Your output should be exactly the lines from the one containing "Vintage iridescent brown stoneware bottle" through the final line of the records, both included, with every picture left out.

——————————

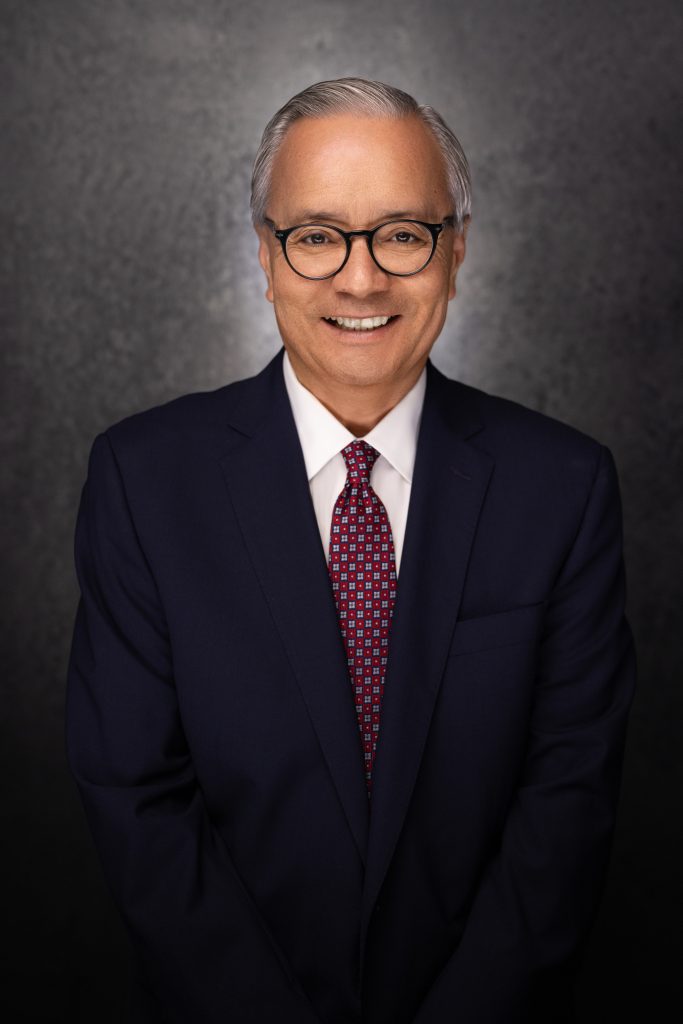 A man with short gray hair and glasses, wearing a dark navy suit, white shirt, and red patterned tie, smiles in front of a dark, textured background.
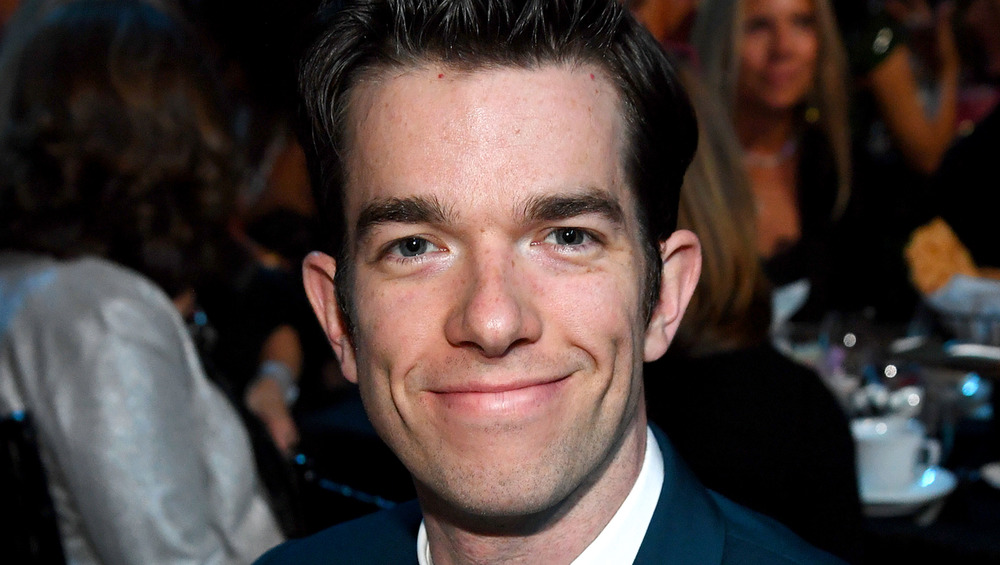 John Mulaney smiling at an event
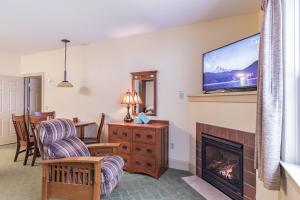 a living room with a fireplace and a flat screen tv at Slopeside Ski-In/Ski-Out ; HotTub ; 2 Room 2 Bath in Hunter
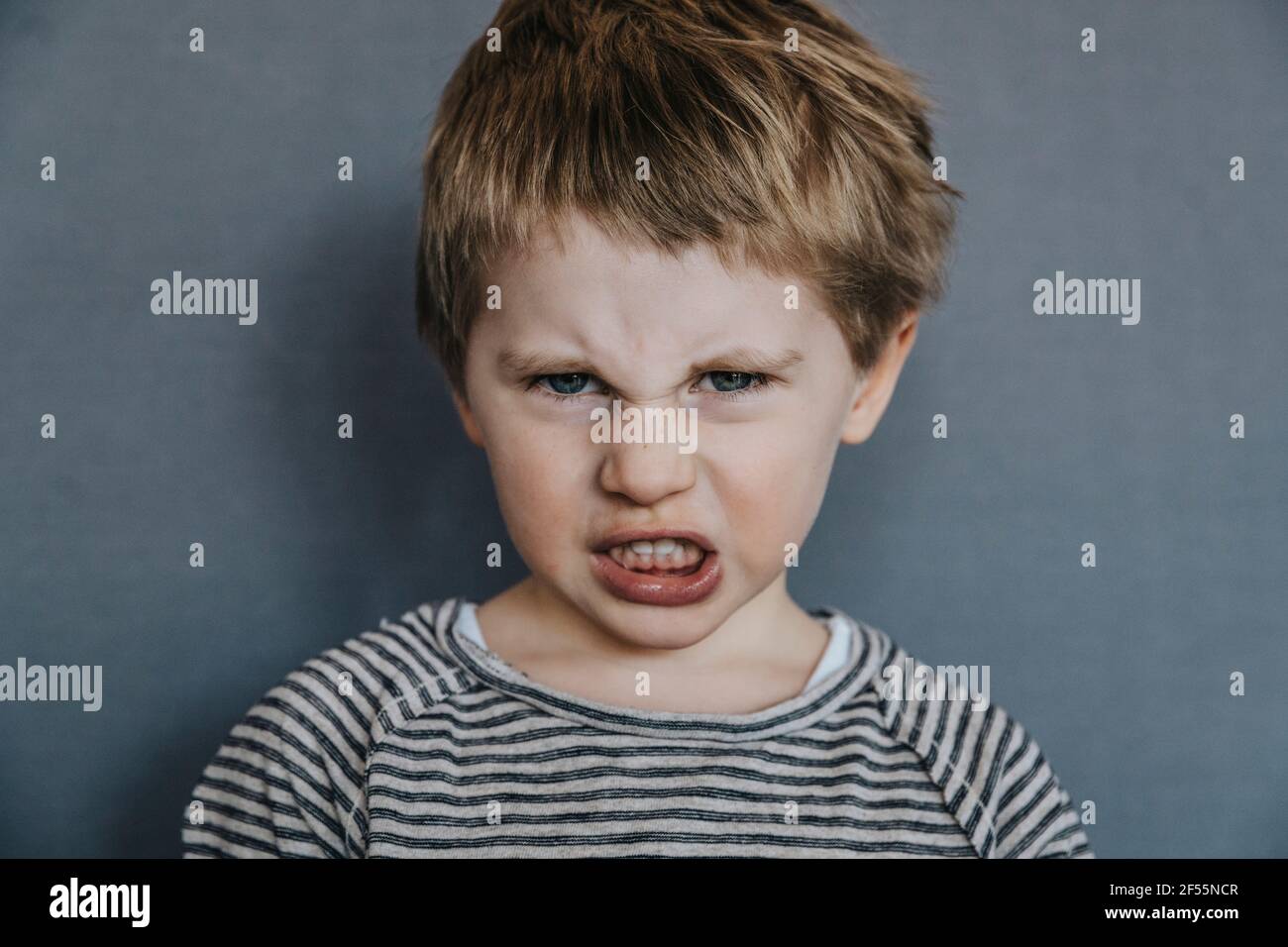 Wütend Junge Grimacing über grauen Hintergrund Stockfoto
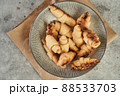 Russian slavic traditional pastry called roguelikes. Cakes bagels. Crispy croissants. Food on grey background, Copy space 88533703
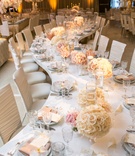 Serpentine Table
Photography: Jessica Claire Photography
Read More:
http://www.insideweddings.com/weddings/traditional-armenian-ceremony-luxurious-ballroom-reception/1006/ a long serpentine table with round white rose arrangements along the center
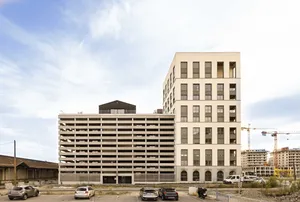 Multi-storey parking structure next to a modern residential and office building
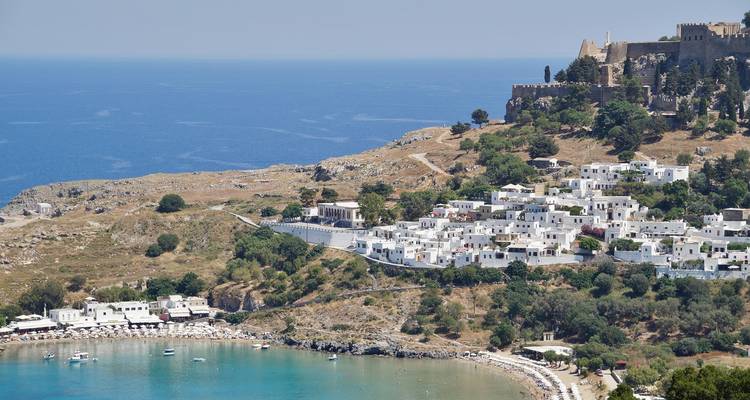 Vista panorámica de un pueblo costero con un castillo en una colina.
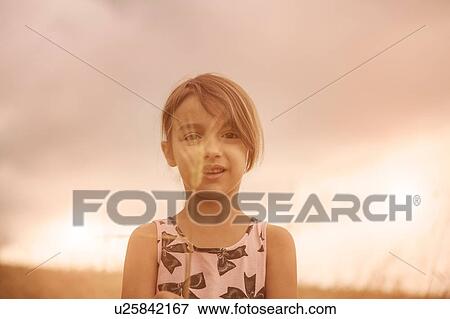 Portrait of girl with ear of wheat in front of her face in wheat field View Large Photo Image Stock Photo - Portrait of girl with ear of wheat in front of her face in wheat field. Fotosearch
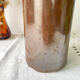 Vintage iridescent brown stoneware bottle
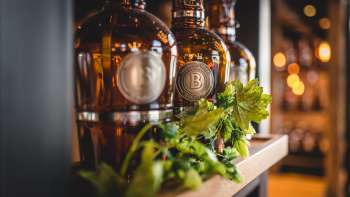 Flaschen mit frisch gezapftem Bier auf sonnendurchfluteter Terrasse, umgeben von lebendiger Stimmung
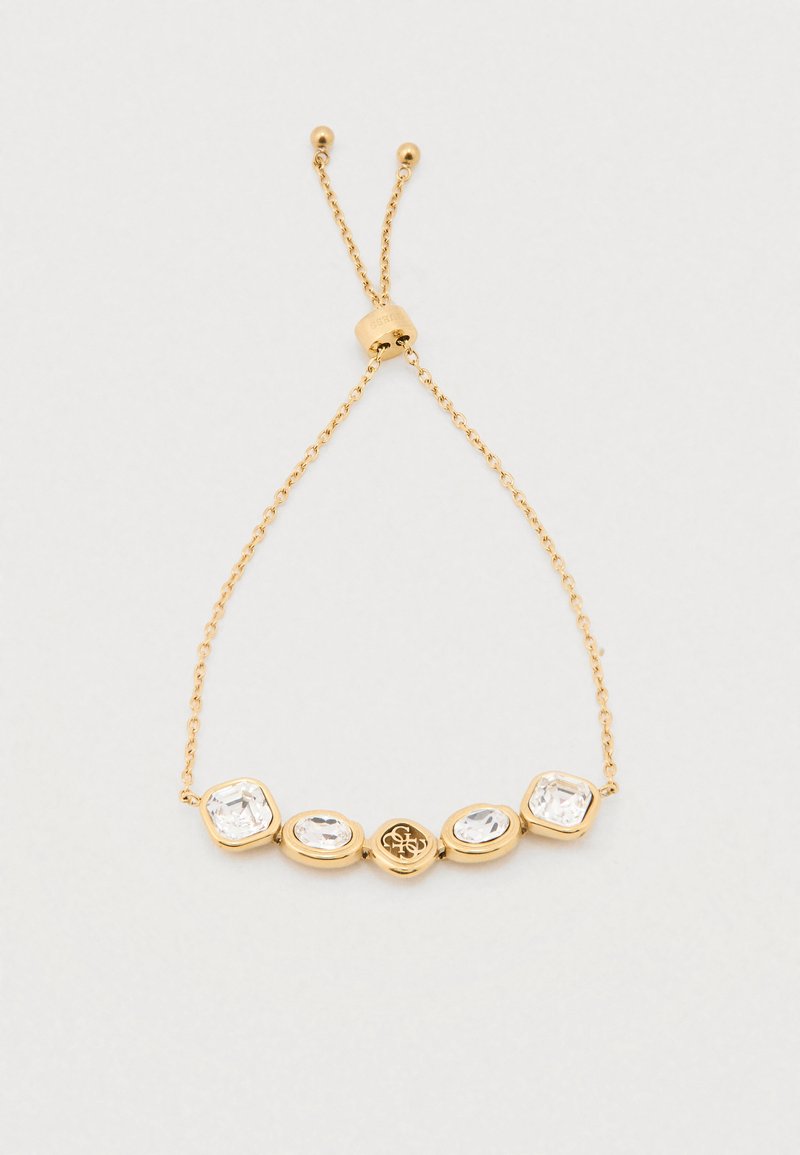 Pulseira de ouro com cinco cristais transparentes de diferentes formas, assentados em molduras metálicas suaves, com uma corrente delicada e fecho ajustável.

——————————

» WRITTEN ANSWER
 Vintage iridescent brown stoneware bottle
 Flaschen mit frisch gezapftem Bier auf sonnendurchfluteter Terrasse, umgeben von lebendiger Stimmung
 Pulseira de ouro com cinco cristais transparentes de diferentes formas, assentados em molduras metálicas suaves, com uma corrente delicada e fecho ajustável.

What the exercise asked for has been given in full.